Activity: Reproduce the section of the listing that begins at the line containing "PISTOLET CARBINE DE" and finishes at the line containing "The Rivers Suite". Include both end lines and nothing beyond them.

Information given:
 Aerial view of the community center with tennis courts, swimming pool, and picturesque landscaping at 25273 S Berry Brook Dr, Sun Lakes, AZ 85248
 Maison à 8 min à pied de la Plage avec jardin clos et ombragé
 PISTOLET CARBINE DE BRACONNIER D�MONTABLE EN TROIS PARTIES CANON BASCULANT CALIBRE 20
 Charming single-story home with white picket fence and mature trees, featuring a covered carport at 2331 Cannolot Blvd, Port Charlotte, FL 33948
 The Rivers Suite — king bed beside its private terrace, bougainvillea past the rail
* * *
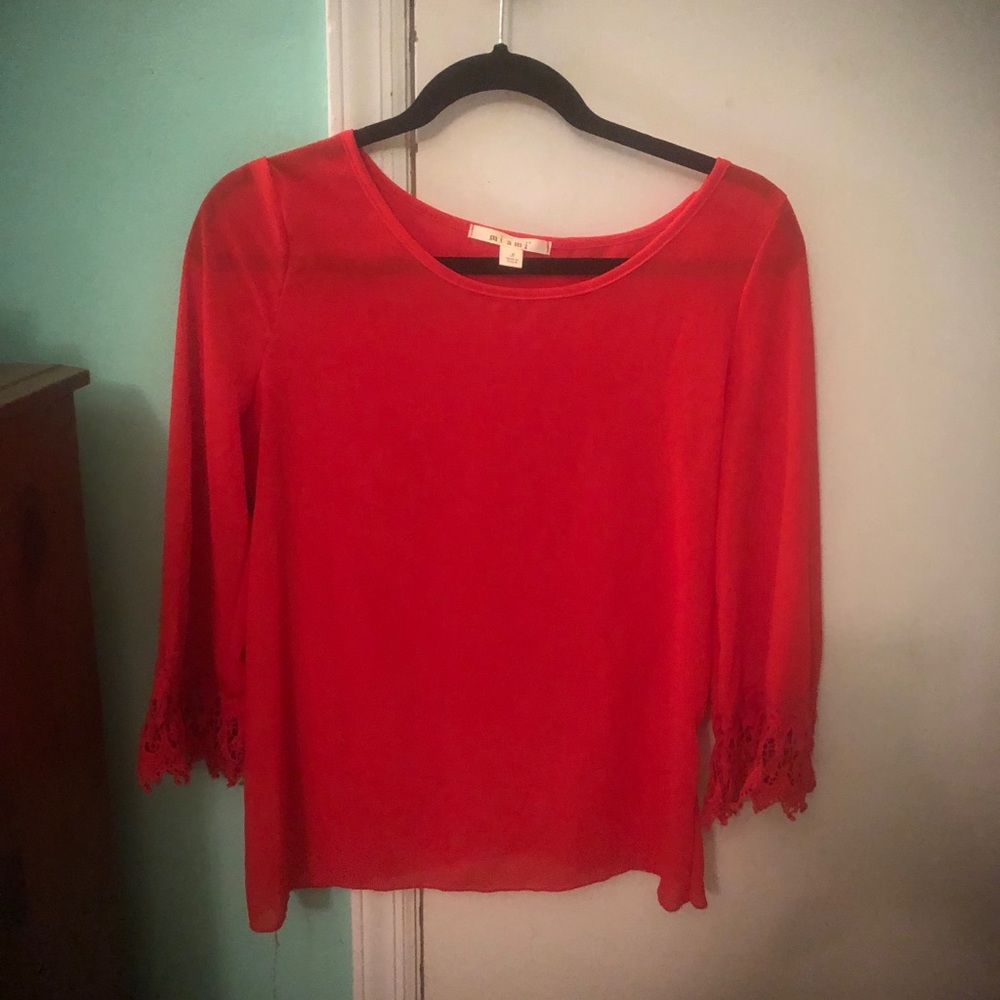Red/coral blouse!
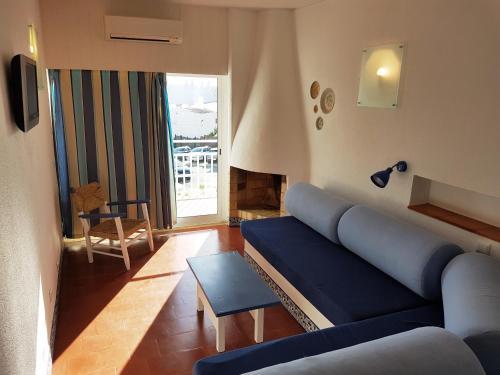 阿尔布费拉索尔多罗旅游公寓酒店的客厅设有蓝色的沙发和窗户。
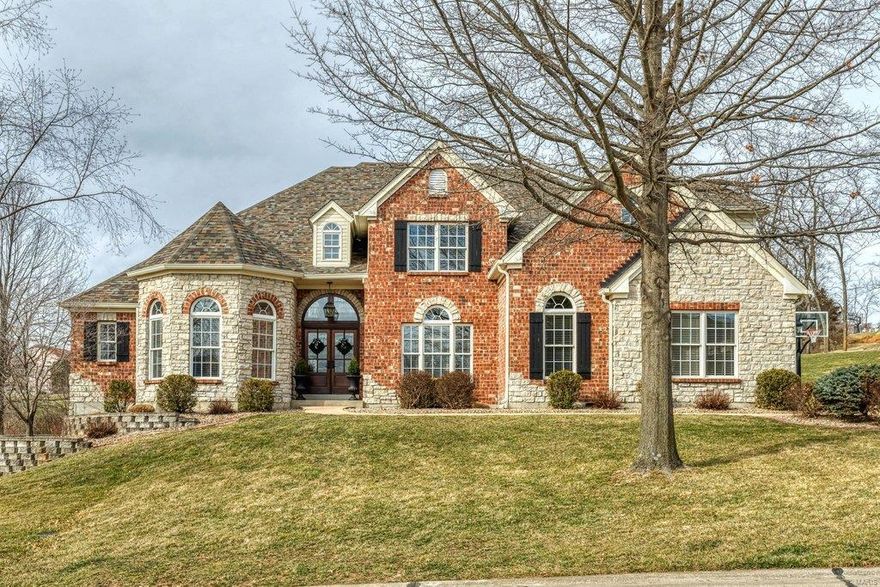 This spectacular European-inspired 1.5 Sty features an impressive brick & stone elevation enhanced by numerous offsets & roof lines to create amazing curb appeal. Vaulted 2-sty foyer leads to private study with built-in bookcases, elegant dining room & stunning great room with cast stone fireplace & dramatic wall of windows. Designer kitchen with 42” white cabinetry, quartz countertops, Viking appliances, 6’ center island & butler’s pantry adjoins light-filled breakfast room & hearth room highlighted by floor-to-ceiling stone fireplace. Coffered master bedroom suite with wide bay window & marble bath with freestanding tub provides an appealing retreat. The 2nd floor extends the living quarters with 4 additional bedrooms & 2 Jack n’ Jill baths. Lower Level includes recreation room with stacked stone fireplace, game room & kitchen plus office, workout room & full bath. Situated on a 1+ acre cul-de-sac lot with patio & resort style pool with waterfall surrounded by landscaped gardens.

Response area:
 PISTOLET CARBINE DE BRACONNIER D�MONTABLE EN TROIS PARTIES CANON BASCULANT CALIBRE 20
 Charming single-story home with white picket fence and mature trees, featuring a covered carport at 2331 Cannolot Blvd, Port Charlotte, FL 33948
 The Rivers Suite — king bed beside its private terrace, bougainvillea past the rail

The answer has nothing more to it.